Why the Latvian state needs non-existent residents

LATVIA CELEBRATES THE MIDSUMMER SOLSTICE. 176 thousand dead souls have already been found in the fern © depositphotos.com

One of the branches of the Latvian economy has become the management of almost 176 thousand dead souls.

This year, not in the usual way, but with the diligence of a census conducted every ten years, the statisticians of the Central Statistical Bureau (CSB) have found out that on January 1 of this year, 1,893,223 people lived in Latvia. However, the results of the census do not affect the Population Register maintained by the Office of Citizenship and Migration Affairs (OCMA) with 2,069,089 people on the same January 1. Thus, in Latvia, math in which 1,893,223=2,069,089 is valid. Further, this equation can be divided or multiplied, because both the CSB and the OCMA provide data on the number of inhabitants in municipalities. Each of them now has the choice to introduce themselves by naming the number of people they like best. No municipality could yet be found that likes CSB data better than OCMA data, if we are looking at how municipalities show themselves in their advertising materials. Behind the scenes, the picture is different. According to the CSB employees, the CSB data is used for the development municipality planning documents. Statisticians have barely managed to satisfy all the requests in which municipalities ask to show not only the total population, but also the distribution by gender and age groups and settlements.

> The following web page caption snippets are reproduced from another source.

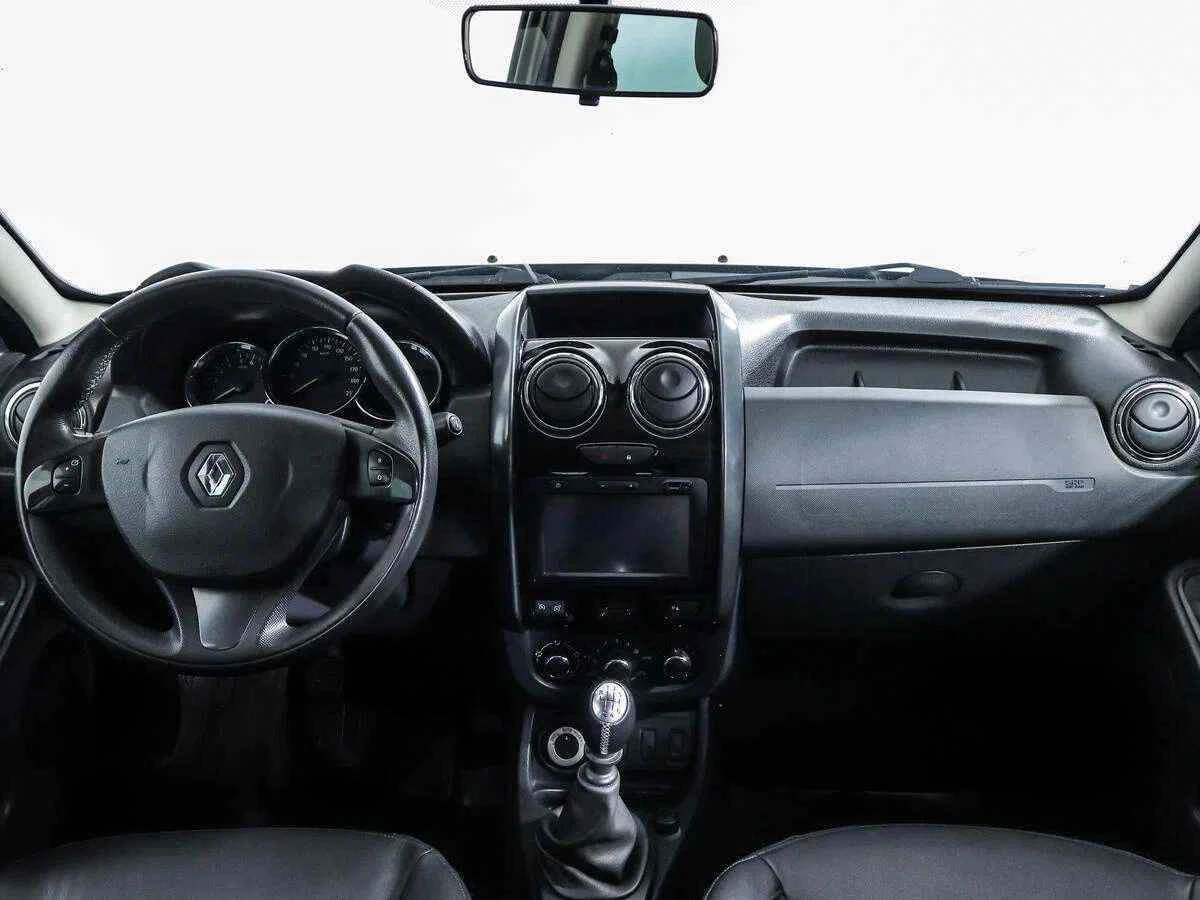 Renault Duster, Зеленый, 2016, Механическая, 143 л.с., цена от 1 105 000 руб.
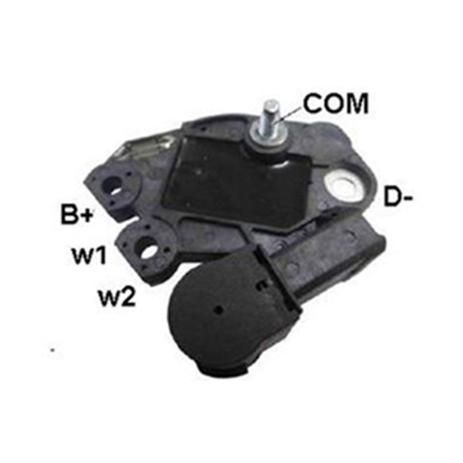 Regulador Voltagem Alternador BMW X6 - IK5894 - Ikro Menor preço em Regulador Voltagem Alternador BMW X6 - IK5894 - Ikro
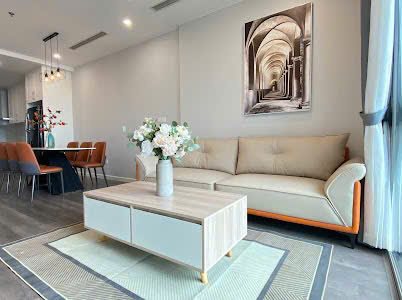 Căn hộ cho thuê tại Chung cư The Nine, Cầu Giấy - Nhiều lựa chọn diện tích từ 87m² đến 144m²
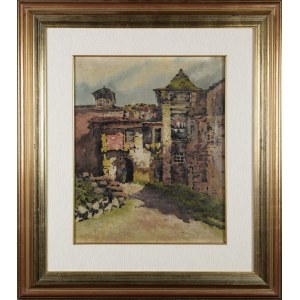 Artiste non spécifié, 20e siècle, Bâtiments
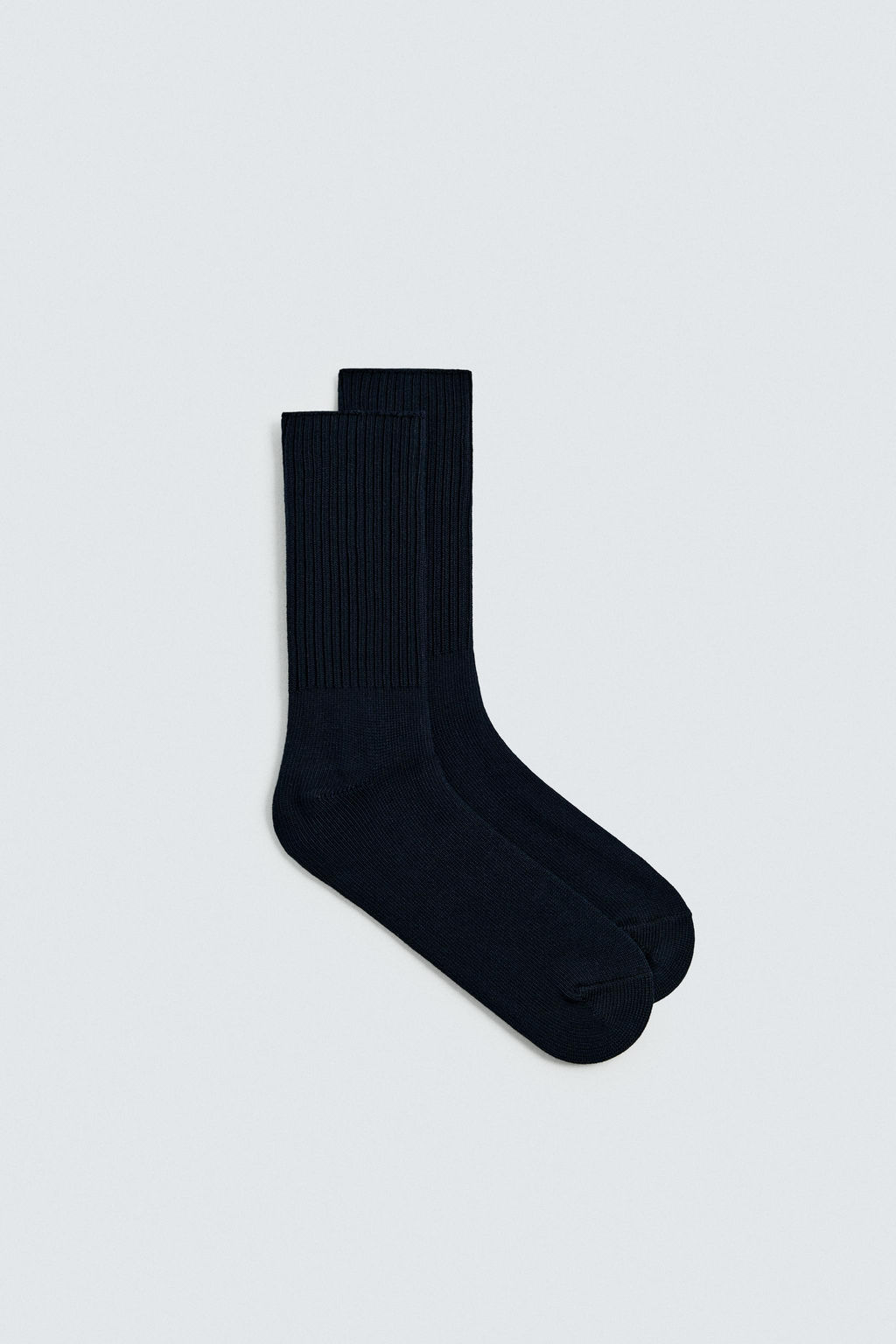 RIBBED SOCKS - Zara фото 4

The difference between the CSB and OCMA data was formed as a result of the 2011 census. With the extension of the census time and other manipulations, the CSB dragged the number of people over the two million line and stopped at 2,067,887 people, while the OCMA kept its 2,208,444 entries in the Population Register. There is no dispute that the population of the country is declining. The CSB has long reported less than two million inhabitants, but the OCMA with the current 2,069,089 entries in the Population Register is practically where the CSB was ten years ago. The difference between the CSB and OCMA data is that the CSB recognizes as residents only those people for whom information has come during the reporting year from various registers that the person has studied, received treatment, paid taxes, etc. in Latvia. If there is no such information, then there is no resident. Probably, most of these people continue living in other countries and might potentially return to Latvia, but some of them are dead souls in the literal sense of the word. If people have not informed the Latvian authorities about their departure from the country, then it is even less likely that their relatives will consider it necessary to inform the Latvian state about their death.

Nothing has changed in the management of the dead souls since 1842, when the dead souls were revealed as a business object for the whole world by the Russian writer of Ukrainian origin Nikolai Gogol. The Russian Empire described by him has moved to the European Union and manors have grown into countries, including Latvia.

The Prime Ministers of Latvia are clones of the main character of N. Gogol's novel, Chichikov. They all need dead souls to get loans.

Just as manors once could exist in Russia, Latvia can exist by covering the difference between income and expenditure with loans. The lender presented in N. Gogol's novel is called "попечительский совет" in the original language and translated as the "Council of Guardians". In the current situation, this council consists of the European Central Bank, which prints the euro out of thin air, and the European Commission, which restricts the ability of EU member states to borrow these euros by limiting national budget deficits. The reason for the increase in loans is now the increase in the gross domestic product, not the population. However, it was not possible to completely decouple the increase in debt from population growth in the EU either. The increase in total debt has so far been offset by an increase in the total EU population at the expense of immigration. The division of total debt between countries or "manors" then became a secondary issue.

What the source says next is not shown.